This is part of the Folo project that provides mechanisms for high-performance hardware-aware programming in Rust.

§Why should one care?

Modern operating systems try to distribute work fairly between all processors. Typical Rust sync and async task runtimes like Rayon and Tokio likewise try to be efficient in occupying all processors with work, even moving work between processors if one risks becoming idle. This is fine but we can do better.

Taking direct control over the placement of work on specific processors can yield superior performance by taking advantage of factors under the service author’s control, which are not known to general-purpose tasking runtimes:

  1. A key insight we can use is that most service apps exist to process requests or execute jobs - each unit of work being done is related to a specific data set. We can ensure we only process the data associated with a specific HTTP/gRPC request on a single processor to ensure optimal data locality.
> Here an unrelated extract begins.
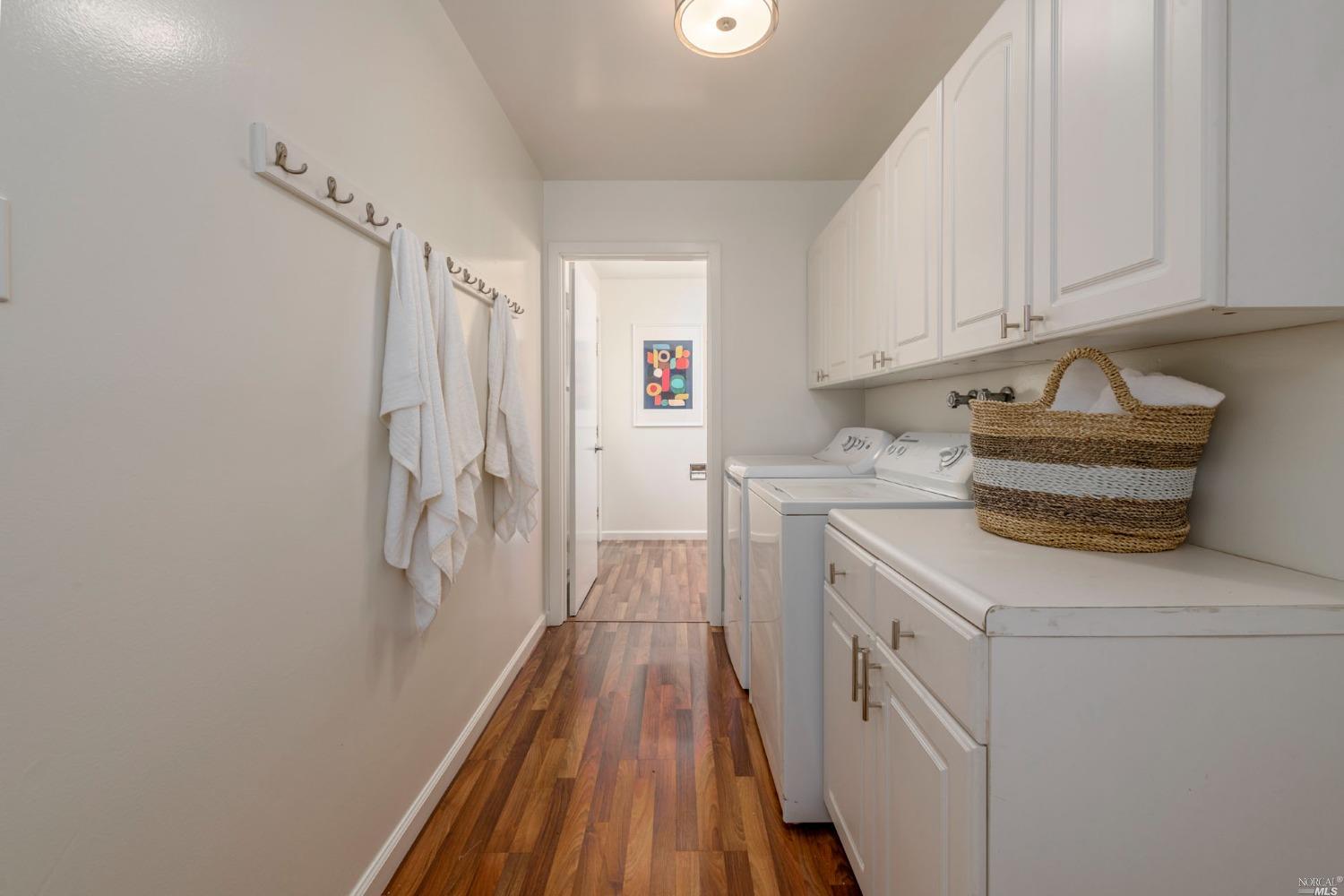 16 Loma Linda Road San Rafael, CA 94901 - Photo 21 of 46 a storage room with wooden floor washer and dryer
This means the data related to the request is likely to be in the caches of that processor, speeding up all operations related to that request by avoiding expensive memory accesses.
  2. Even when data is intentionally shared across processors (e.g. because one processor is not capable enough to do the work and parallelization is required), performance differences exist between different pairs of processors because different processors can be connected to different physical memory modules. Access to non-cached data is optimal when that data is in the same memory region as the current processor (i.e. on the physical memory modules directly wired to the current processor).

§How does this package help?

The many_cpus package provides mechanisms to schedule threads on specific processors and in specific memory regions, ensuring that work assigned to those threads remains on the same hardware and that data shared between threads is local to the same memory region, enabling you to achieve high data locality and processor cache efficiency.

In addition to thread spawning, this package enables app logic to observe what processor the current thread is executing on and in which memory region this processor is located, even if the thread is not bound to a specific processor. This can be a building block for efficiency improvements even outside directly controlled work scheduling.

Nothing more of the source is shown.